> **Records excerpted from a collection**
*****

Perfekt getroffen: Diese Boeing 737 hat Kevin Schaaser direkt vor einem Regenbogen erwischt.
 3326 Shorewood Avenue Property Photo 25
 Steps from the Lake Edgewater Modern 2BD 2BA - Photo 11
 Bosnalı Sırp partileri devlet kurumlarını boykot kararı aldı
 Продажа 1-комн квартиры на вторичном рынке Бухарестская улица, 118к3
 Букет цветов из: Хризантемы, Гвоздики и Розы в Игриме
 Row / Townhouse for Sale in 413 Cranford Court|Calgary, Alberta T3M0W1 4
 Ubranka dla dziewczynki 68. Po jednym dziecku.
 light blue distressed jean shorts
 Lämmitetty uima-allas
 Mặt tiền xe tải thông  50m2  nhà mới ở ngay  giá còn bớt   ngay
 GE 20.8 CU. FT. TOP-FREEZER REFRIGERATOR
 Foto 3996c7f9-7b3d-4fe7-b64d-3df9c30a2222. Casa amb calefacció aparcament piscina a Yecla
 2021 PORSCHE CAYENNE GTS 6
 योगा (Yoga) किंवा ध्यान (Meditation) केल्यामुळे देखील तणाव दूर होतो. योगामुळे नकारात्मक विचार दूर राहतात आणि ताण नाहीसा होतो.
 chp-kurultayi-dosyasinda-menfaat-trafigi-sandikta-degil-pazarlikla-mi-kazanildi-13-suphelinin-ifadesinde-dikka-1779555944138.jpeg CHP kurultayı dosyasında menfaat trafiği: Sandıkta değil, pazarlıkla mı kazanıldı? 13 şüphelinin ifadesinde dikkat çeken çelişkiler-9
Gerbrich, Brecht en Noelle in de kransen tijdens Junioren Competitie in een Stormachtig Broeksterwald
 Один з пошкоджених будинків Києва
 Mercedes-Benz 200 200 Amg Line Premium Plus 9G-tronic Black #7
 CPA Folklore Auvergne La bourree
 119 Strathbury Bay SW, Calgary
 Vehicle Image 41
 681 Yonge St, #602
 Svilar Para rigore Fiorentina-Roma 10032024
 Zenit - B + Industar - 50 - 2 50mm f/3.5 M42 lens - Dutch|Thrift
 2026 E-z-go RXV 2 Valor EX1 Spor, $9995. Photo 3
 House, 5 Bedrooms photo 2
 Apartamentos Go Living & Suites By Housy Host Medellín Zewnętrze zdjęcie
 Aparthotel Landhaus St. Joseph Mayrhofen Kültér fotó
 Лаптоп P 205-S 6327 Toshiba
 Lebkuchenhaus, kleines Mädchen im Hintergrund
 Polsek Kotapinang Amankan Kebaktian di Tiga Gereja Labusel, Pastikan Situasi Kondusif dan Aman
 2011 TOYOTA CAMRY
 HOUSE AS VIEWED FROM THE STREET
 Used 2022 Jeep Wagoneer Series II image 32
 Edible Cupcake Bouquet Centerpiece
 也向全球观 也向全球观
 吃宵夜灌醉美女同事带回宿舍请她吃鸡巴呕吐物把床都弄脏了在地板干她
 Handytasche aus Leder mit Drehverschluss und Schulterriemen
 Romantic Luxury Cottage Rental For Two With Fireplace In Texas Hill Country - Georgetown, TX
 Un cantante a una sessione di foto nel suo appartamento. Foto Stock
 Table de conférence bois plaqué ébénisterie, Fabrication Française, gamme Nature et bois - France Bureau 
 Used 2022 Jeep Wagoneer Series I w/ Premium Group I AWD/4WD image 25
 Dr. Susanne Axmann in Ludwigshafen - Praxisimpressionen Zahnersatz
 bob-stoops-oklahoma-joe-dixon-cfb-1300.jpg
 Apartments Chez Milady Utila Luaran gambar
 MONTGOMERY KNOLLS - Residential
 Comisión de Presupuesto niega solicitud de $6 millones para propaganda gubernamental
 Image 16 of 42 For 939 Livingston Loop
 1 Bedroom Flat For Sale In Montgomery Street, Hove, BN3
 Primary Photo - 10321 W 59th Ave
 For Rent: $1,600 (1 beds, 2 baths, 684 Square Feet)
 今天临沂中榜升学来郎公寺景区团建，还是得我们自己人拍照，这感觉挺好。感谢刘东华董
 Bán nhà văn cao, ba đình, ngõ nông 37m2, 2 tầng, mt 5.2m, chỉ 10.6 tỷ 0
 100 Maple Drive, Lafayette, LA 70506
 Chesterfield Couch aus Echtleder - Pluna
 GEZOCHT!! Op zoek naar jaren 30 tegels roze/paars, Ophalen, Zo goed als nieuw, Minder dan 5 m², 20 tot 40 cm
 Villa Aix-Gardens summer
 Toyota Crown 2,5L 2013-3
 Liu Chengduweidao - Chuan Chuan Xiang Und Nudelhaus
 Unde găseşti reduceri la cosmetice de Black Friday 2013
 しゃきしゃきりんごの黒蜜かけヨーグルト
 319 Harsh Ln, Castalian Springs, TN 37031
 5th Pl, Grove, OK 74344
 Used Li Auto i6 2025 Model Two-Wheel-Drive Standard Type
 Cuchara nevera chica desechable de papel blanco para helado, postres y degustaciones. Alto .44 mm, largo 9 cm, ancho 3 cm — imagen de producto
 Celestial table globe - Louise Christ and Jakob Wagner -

*****

> **REQUIRED ACTION**
Which of the lines above hold the word "Calgary"? Copy each one.

> **PROBLEM SOLUTION**
 Row / Townhouse for Sale in 413 Cranford Court|Calgary, Alberta T3M0W1 4
 119 Strathbury Bay SW, Calgary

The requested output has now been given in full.